Ch6 — Scale 🟪
“We’ll scale when we need to,” they said. Budo nodded, and quietly bookmarked the postmortem template.
Status: outline. Lab scaffolding in labs/ch06-scale/.
The problem
Requests/limits set once at service birth, never revisited; HPAs targeting CPU on memory-bound services. Capacity review is quarterly archaeology. Make it a weekly agent run.
What you’ll build
budo capacity --window 7d — pulls saturation/utilization history per workload, finds: throttling, OOM-risk, over-provisioning, HPA misconfiguration → emits YAML diffs and opens a PR with reasoning in the description. Agent output as reviewable code change — the safest mutation channel there is.
Key concepts introduced
- Agents that write config: diff-not-file outputs, validation in code (
kubectl apply --dry-run=server) before proposing - Eval harness for recommendations: replay historical metric windows, score recs against what actually happened (the throttling you induce with the load generator). First taste of agent evals as regression tests.
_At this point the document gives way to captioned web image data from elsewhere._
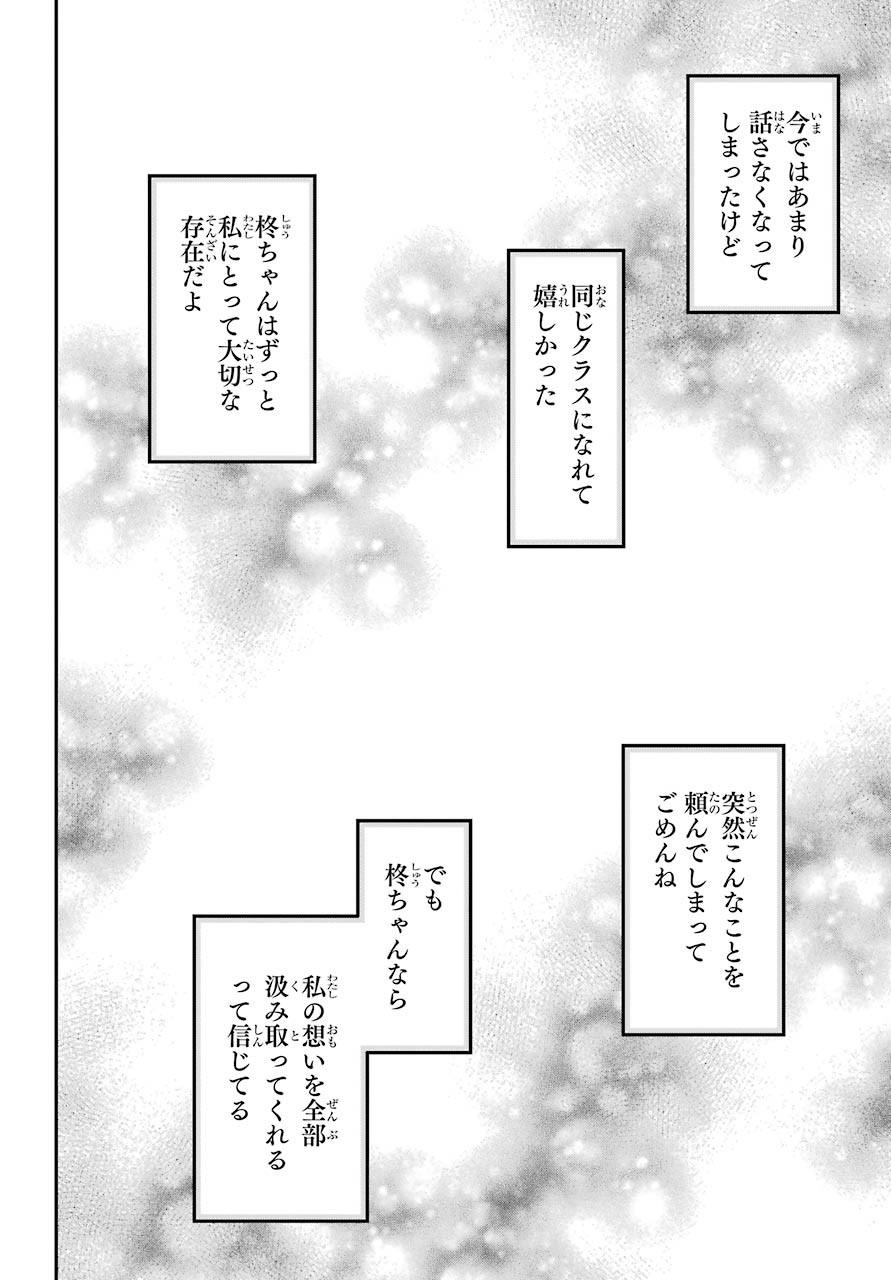 Isho, Koukai. Chapter 41 page 24 - nihonkuni.com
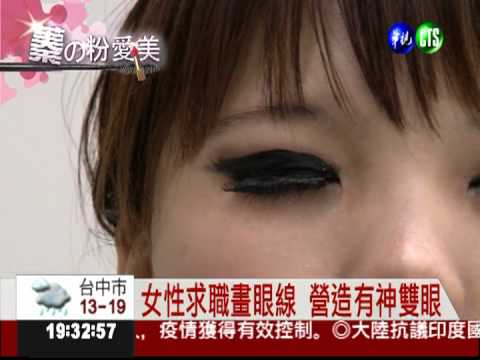 蓁的粉愛美! 畫眼線變電眼美女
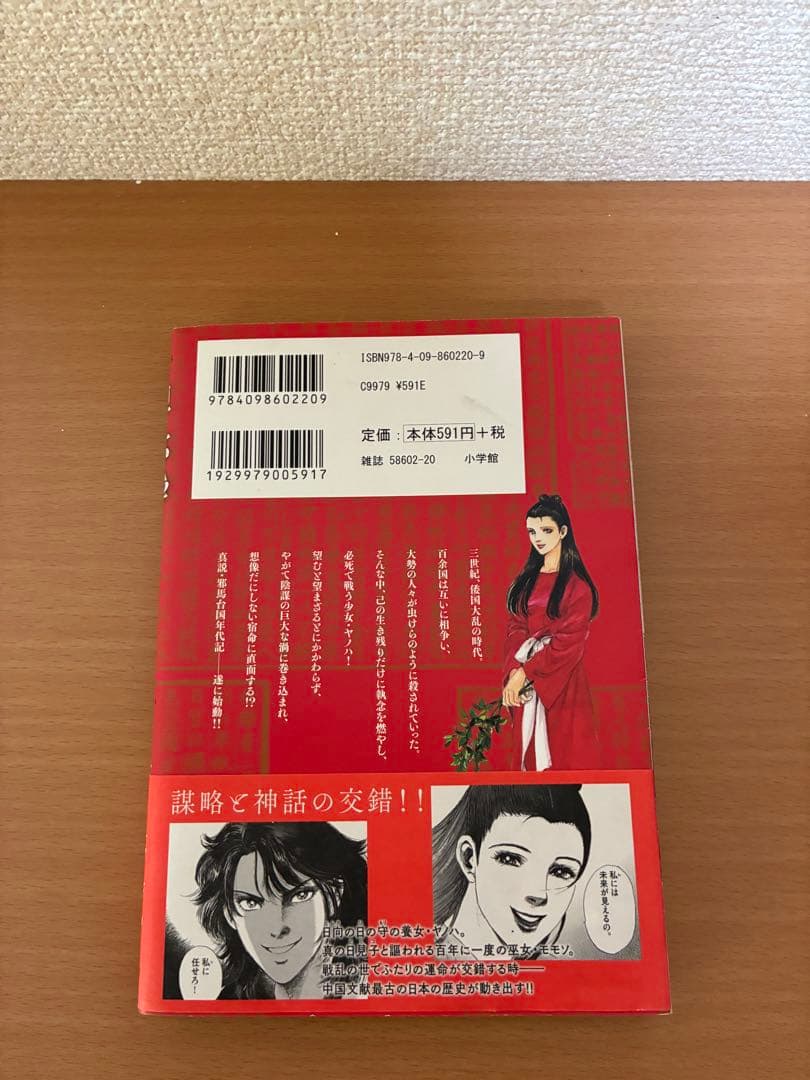 中村真理子 リチャード・ウー『卑弥呼 真説・邪馬台国伝』1~18巻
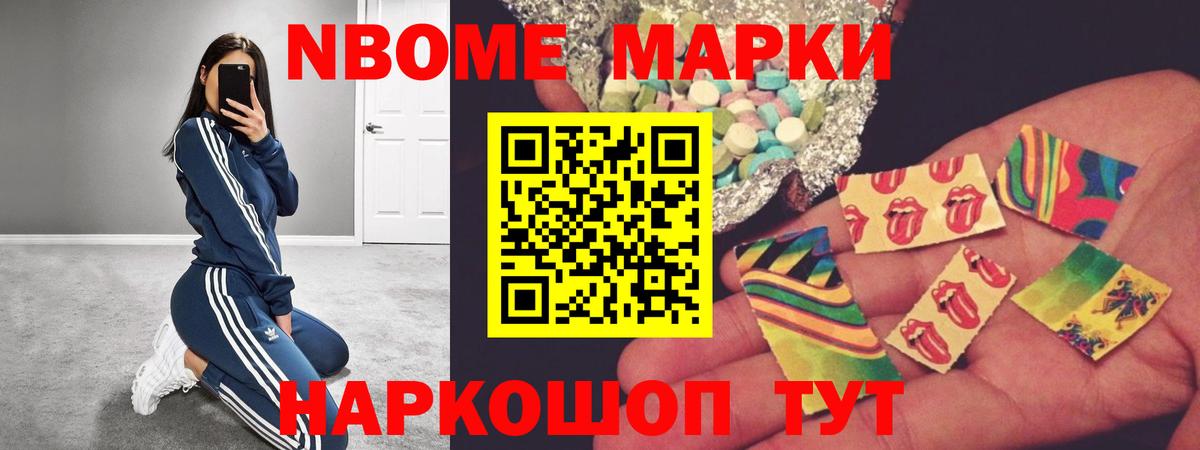 Лсд 25 экстази кислота  ЛСД экстази  Дивногорск  блэк спрут маркетплейс  Вход с VPN 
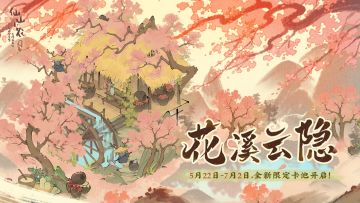 「花溪云隐」卡池建筑动态预览🌸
- Scheduled agents: cron-driven, unattended — what changes when no human watches the run?
The scenario
Load generator cranked unevenly: cartservice starved (throttled), recommendationservice 10x over-provisioned, frontend HPA targeting the wrong metric. Three findings hidden in real data.
Break it
Feed it a window containing a one-off load test. Does it size the fleet for an event that never recurs? Anomaly-vs-trend discrimination is the hardening.
Belt test
All 3 seeded findings surfaced with correct YAML; dry-run validation passes; the eval harness scores ≥ baseline on 3 replayed windows.